Exercise data -
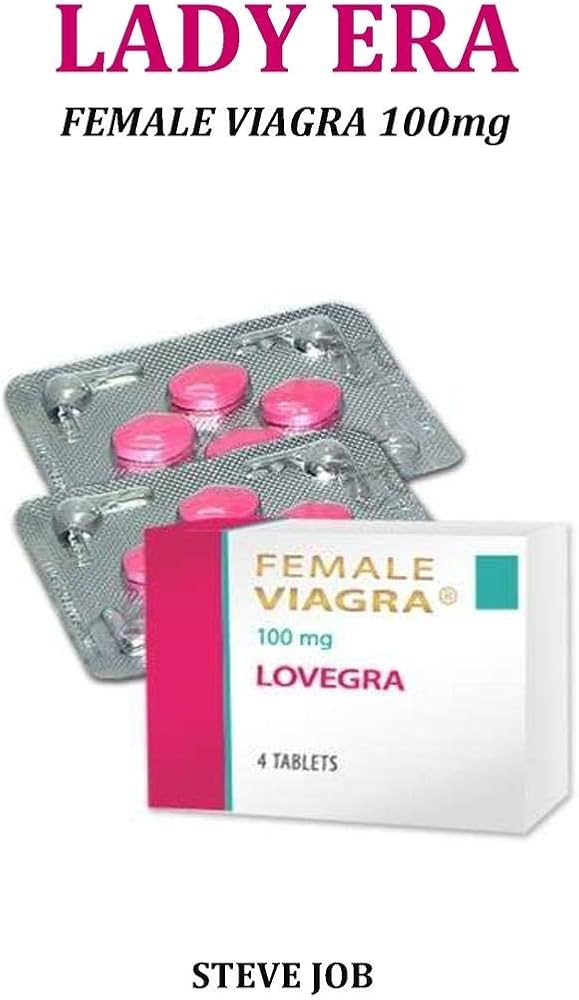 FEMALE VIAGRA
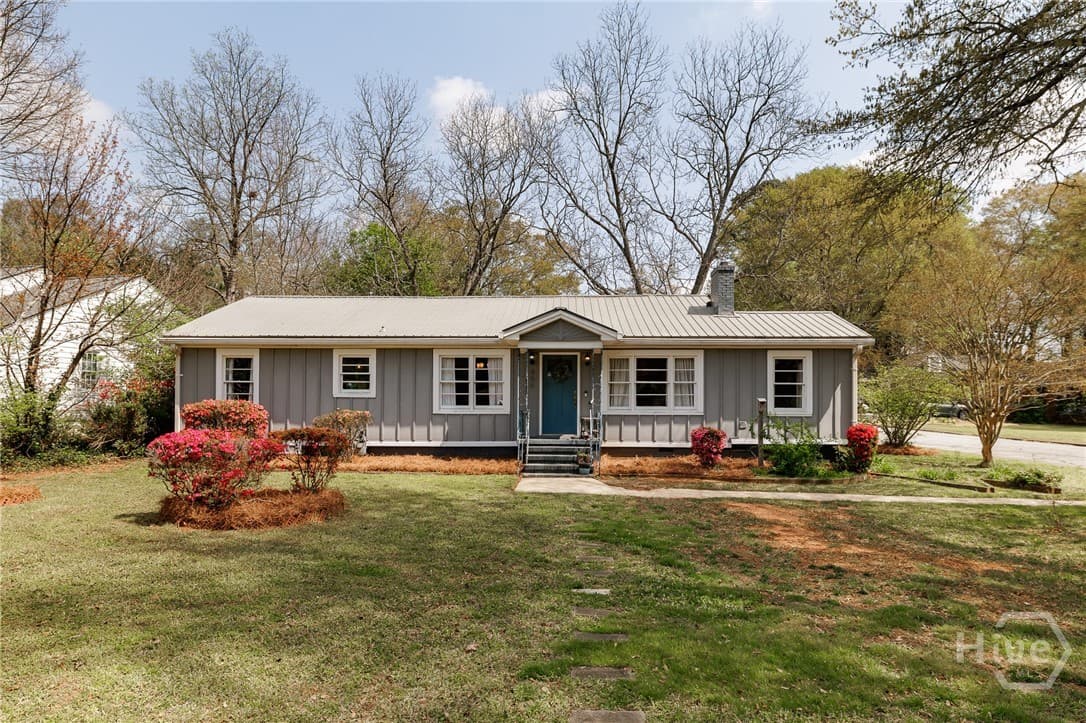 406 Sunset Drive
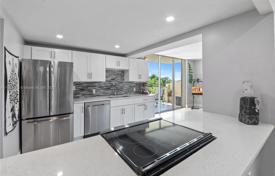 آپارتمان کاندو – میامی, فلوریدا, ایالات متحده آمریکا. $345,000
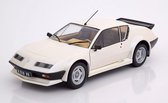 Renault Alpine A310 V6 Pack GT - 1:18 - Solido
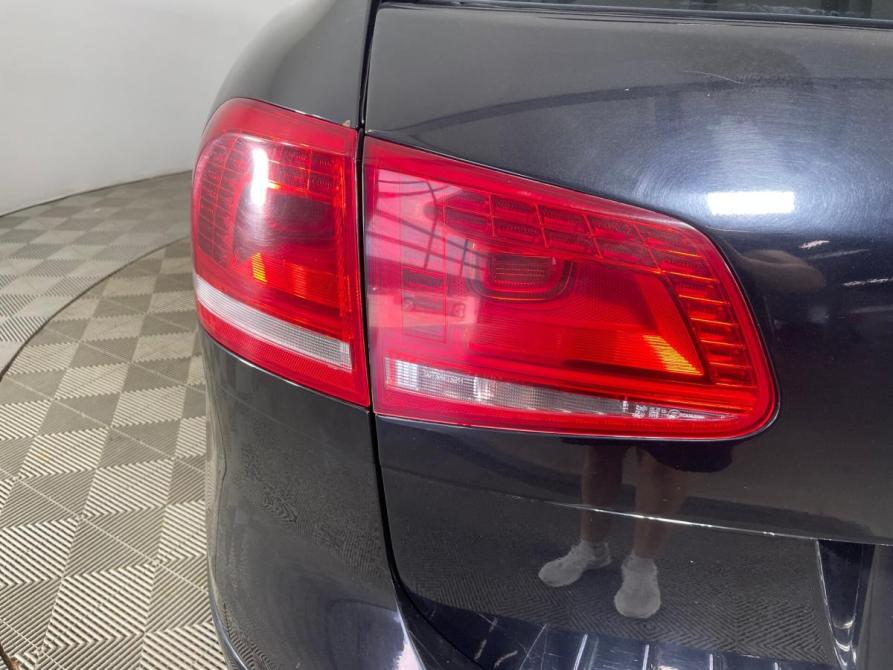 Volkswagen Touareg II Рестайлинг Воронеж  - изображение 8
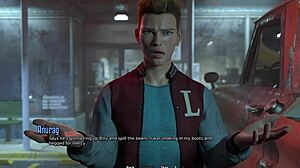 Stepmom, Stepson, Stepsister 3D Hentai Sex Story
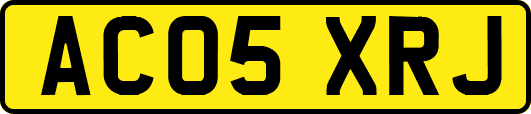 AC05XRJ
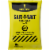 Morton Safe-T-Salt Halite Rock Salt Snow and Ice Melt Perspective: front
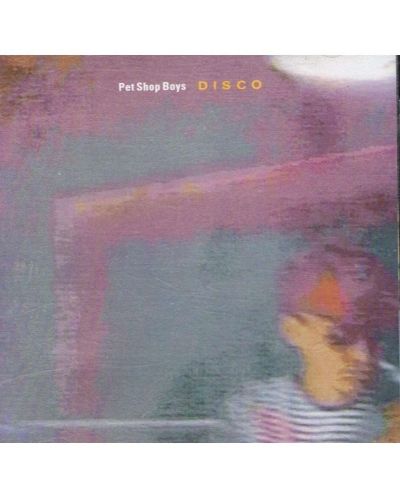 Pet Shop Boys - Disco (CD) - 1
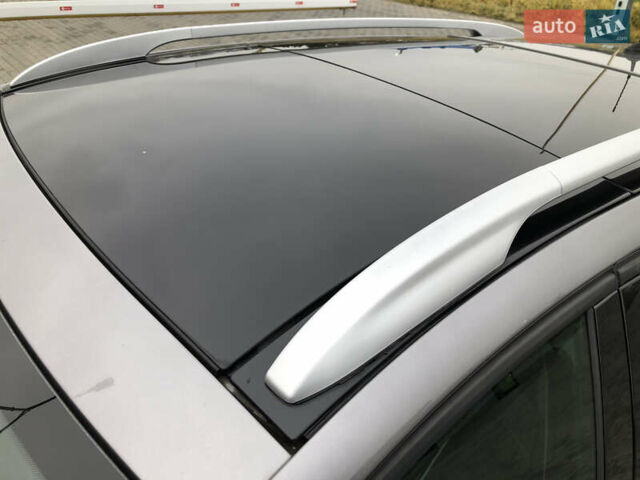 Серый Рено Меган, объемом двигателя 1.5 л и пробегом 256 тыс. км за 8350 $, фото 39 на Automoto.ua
---
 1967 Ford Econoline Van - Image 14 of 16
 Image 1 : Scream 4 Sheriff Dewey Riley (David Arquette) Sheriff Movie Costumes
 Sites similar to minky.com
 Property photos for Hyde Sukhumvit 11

Work item -
Check the data line by line and report how many lines contain "Image" as a word or string, giving nothing besides the number.

Answer to the problem -
2